Scan the data below and work out how many of its lines contain the word "Blue". Give only that number.

**********

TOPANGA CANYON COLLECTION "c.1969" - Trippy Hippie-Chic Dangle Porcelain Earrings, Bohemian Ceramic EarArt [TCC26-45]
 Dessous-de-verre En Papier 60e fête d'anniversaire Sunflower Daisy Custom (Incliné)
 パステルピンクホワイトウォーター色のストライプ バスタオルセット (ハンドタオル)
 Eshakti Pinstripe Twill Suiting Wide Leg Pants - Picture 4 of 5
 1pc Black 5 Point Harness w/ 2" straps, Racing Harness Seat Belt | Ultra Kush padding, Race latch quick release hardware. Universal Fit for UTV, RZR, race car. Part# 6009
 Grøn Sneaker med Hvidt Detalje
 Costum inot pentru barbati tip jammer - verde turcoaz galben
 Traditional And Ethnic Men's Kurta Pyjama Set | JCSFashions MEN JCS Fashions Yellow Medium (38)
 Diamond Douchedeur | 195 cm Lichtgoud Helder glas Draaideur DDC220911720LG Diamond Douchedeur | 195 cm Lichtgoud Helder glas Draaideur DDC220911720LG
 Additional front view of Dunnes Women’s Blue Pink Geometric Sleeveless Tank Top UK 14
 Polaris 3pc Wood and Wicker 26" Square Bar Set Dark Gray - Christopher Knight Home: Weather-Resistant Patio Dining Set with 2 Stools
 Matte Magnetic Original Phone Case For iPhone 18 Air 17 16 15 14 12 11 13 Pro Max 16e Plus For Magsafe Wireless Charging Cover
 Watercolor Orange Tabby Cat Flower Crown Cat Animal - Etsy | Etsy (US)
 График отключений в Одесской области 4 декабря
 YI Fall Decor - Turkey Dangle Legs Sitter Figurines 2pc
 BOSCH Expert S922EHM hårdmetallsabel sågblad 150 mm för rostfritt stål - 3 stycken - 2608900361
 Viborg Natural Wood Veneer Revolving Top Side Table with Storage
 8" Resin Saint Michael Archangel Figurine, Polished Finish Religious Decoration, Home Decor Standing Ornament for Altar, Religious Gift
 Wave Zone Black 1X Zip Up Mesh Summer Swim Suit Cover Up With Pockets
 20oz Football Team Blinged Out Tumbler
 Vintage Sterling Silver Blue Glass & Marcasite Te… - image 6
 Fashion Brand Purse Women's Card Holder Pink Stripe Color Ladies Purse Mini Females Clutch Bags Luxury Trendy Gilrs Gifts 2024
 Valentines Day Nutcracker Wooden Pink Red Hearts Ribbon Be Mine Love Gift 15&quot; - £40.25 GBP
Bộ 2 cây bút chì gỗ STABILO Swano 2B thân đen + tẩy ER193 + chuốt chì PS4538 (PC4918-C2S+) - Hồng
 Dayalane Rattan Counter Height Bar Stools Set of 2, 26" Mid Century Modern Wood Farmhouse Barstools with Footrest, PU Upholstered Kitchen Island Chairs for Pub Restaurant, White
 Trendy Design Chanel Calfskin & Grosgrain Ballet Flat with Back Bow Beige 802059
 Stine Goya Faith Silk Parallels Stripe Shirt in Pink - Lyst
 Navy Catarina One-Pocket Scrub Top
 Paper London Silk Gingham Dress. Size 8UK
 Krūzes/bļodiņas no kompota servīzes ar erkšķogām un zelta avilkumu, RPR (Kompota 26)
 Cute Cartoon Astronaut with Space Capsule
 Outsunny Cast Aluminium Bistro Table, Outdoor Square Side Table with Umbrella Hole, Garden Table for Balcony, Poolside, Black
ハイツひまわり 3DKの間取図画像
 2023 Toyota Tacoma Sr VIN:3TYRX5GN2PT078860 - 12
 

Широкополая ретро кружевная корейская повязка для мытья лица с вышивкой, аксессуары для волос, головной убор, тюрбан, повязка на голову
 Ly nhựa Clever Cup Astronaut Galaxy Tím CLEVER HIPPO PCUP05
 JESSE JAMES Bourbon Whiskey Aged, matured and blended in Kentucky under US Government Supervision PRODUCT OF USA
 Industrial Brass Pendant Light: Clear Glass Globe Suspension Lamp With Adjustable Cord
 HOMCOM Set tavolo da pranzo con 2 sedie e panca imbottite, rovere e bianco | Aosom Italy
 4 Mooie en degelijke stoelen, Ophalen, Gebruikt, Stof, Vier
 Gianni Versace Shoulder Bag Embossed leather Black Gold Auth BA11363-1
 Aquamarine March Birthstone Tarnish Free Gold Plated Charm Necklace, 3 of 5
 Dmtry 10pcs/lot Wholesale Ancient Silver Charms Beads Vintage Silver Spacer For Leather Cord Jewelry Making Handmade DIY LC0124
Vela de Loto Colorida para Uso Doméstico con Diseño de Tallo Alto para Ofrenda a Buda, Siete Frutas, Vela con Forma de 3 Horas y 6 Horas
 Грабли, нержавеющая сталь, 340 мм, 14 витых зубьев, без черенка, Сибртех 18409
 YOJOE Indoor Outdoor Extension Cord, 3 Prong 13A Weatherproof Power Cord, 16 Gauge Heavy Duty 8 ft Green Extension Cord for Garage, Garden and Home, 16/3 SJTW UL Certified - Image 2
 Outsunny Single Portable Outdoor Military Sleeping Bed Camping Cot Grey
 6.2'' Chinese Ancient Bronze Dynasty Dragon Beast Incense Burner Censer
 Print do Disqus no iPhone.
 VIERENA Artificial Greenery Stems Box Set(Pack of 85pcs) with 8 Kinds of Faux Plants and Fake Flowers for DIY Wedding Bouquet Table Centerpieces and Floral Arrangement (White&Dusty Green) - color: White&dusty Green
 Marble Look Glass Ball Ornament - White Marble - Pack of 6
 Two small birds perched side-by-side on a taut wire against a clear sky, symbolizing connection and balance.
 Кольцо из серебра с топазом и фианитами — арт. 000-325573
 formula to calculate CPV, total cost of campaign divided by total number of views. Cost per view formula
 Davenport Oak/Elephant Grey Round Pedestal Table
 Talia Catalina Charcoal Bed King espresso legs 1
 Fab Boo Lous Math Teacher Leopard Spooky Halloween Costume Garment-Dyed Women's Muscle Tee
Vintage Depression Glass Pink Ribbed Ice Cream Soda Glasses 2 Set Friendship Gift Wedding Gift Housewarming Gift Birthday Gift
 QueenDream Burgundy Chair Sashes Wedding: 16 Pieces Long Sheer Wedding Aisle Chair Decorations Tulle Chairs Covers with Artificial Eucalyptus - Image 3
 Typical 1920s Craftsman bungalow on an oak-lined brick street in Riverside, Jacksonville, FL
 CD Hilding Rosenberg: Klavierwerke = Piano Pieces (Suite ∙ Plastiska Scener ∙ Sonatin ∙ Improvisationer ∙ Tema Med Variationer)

**********

**Exercise answer**
2